* _Supplied entries_:
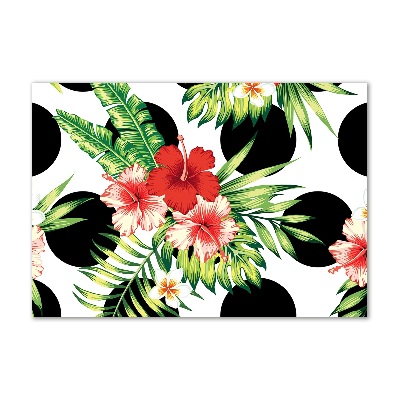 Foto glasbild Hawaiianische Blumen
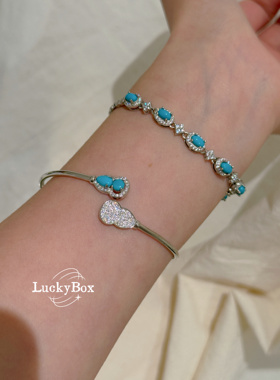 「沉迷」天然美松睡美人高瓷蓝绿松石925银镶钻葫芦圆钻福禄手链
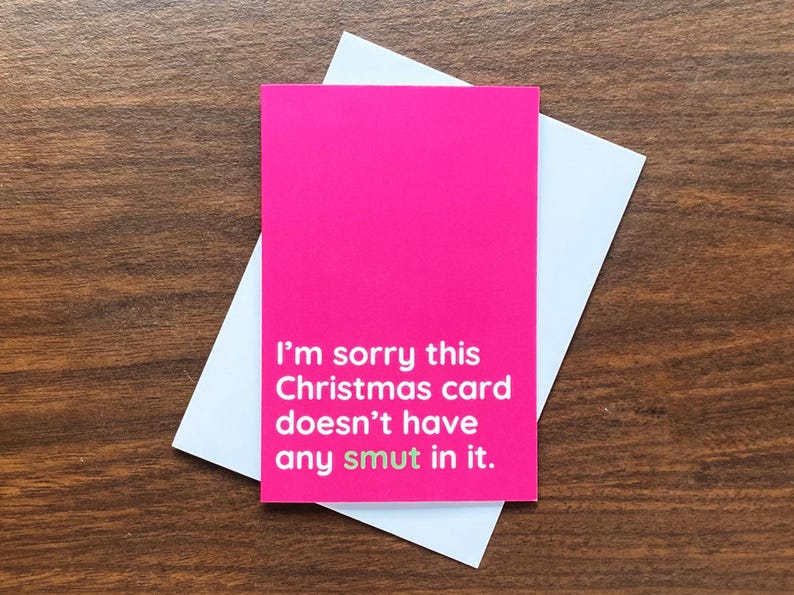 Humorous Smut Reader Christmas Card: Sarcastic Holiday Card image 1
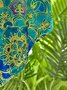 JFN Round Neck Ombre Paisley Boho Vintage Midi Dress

---

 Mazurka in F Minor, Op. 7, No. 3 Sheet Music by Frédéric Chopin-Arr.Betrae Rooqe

* _Directions for this task_: Which part of the entries opens with the line containing "Humorous Smut Reader" and closes with the line containing "JFN Round Neck"? Output that part exactly, ends included, pictures excluded.

* _Response to this task_:
 Humorous Smut Reader Christmas Card: Sarcastic Holiday Card image 1
 JFN Round Neck Ombre Paisley Boho Vintage Midi Dress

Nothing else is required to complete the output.